Diomande se une al Real Madrid: listo para morir por Mourinho
El nuevo fichaje récord del Real Madrid ya ha puesto voz a su sueño. Diomande, extremo de 19 años y una de las grandes irrupciones del fútbol europeo, habló por primera vez como jugador blanco y no escondió el vértigo que le provocó la llamada del club.
“Fue como un sueño porque no hay club más grande”, confesó en declaraciones a SportyTV. “Desde el momento en que me enteré, no podía dormir. No me lo creía. Hablé con Juni [Calafat] y luego hablé con el míster. Me sorprendió porque hablaba francés”.
Orgullo, ambición y un vestuario de estrellas
El marfileño llega a un vestuario de galácticos, con nombres como Kylian Mbappé y Jude Bellingham marcando el paso. El contexto intimida. Él, no.
Se define orgulloso, pero con los pies en el suelo. “Estoy orgulloso y feliz porque he hecho realidad mi sueño”, subrayó. Sabe dónde ha caído, sabe lo que se le va a exigir y aun así sonríe. No se esconde.
La huella de Mourinho en el fichaje
Detrás de su decisión hay un nombre propio: José Mourinho. El técnico portugués, de regreso al banquillo blanco, se volcó para que el joven extremo se sintiera imprescindible antes incluso de firmar.
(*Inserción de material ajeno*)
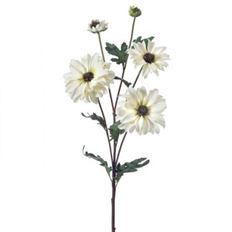 SHASTA DAISY X 3 24" WHITE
“Mourinho se levantó a las 5 de la mañana para hablar conmigo. Eso significa que es importante”, reveló Diomande. Ese gesto le marcó. “Cuando te llama el Madrid, no puedes decir que no, así que dije: ‘Si me quieren, ahí estaré’”.
El primer cara a cara terminó de sellar la conexión. “Nada más llegar me dijo: ‘Te prometí que ibas a formar parte de mi equipo y aquí estás’. Y yo le dije: ‘Estoy feliz de trabajar contigo porque eres el mejor’”, recordó el jugador. “Puedo aprender mucho de él; es el entrenador adecuado para seguir mi desarrollo. Estoy preparado para morir por él”.
Un mensaje contundente para un técnico que siempre ha exigido compromiso absoluto.
Mourinho rebaja el foco… pero se rinde al talento
El portugués, sin embargo, quiso matizar su papel en la operación. En una entrevista aparte dejó claro que no llegó pidiendo nombres.
“No, no pedí a nadie”, afirmó al ser preguntado por el fichaje. “Llegué sin exigir ni un solo jugador, habiendo analizado bien la plantilla y sabiendo exactamente lo que quería que pasara”.
La oportunidad, simplemente, era demasiado buena. Y el club se la puso sobre la mesa.
“Encontrar un jugador de banda como Diomande, rápido, agresivo y que pueda jugar en las dos bandas no es fácil, es increíblemente difícil”, admitió Mourinho. “Si a eso le sumas que es joven, que tiene margen para desarrollarse y muchos años por delante en el Real Madrid… cuando surgió esa oportunidad, no quise entrar en si costaba 120, 80, 40 o 20 millones”.
El mensaje es claro: no lo pidió, pero lo bendice. Y lo ve como una pieza de largo recorrido.
Del Leganés al templo blanco
El camino de Diomande hacia el Bernabéu tiene un punto casi poético. Su debut profesional se produjo precisamente en el coliseo blanco… pero con la camiseta del Leganés.
“Es cosa de Dios. Creo mucho en Dios”, explicó. “Ha sido bastante una coincidencia. Solo quiero disfrutar cada día”.
De aquel partido guarda una imagen que hoy parece sacada de un guion: “De ese encuentro recuerdo que intercambié la camiseta con Mbappé, y hoy estamos en el mismo vestuario riéndonos juntos”. El círculo se ha cerrado. “Nunca olvidaré al Leganés porque fue el único club que me dio la oportunidad de mostrar mi calidad”.
Ahora vuelve al mismo césped, pero como apuesta multimillonaria del club más grande del mundo. Otra dimensión, mismo escenario.
Un arma más para un Real Madrid voraz
La polivalencia de Diomande ilusiona al club y al cuerpo técnico. Puede aparecer por las dos bandas, atacar el espacio, encarar, morder en la presión. Un perfil que el propio Mourinho definió como escaso en el mercado y que encaja de lleno en un Real Madrid que quiere mandar en LaLiga y en Europa.
Llega joven, llega hambriento, llega dispuesto a dejarse la piel por el entrenador que se levantó de madrugada para convencerle. El resto, a partir de ahora, se escribirá en el césped del Bernabéu.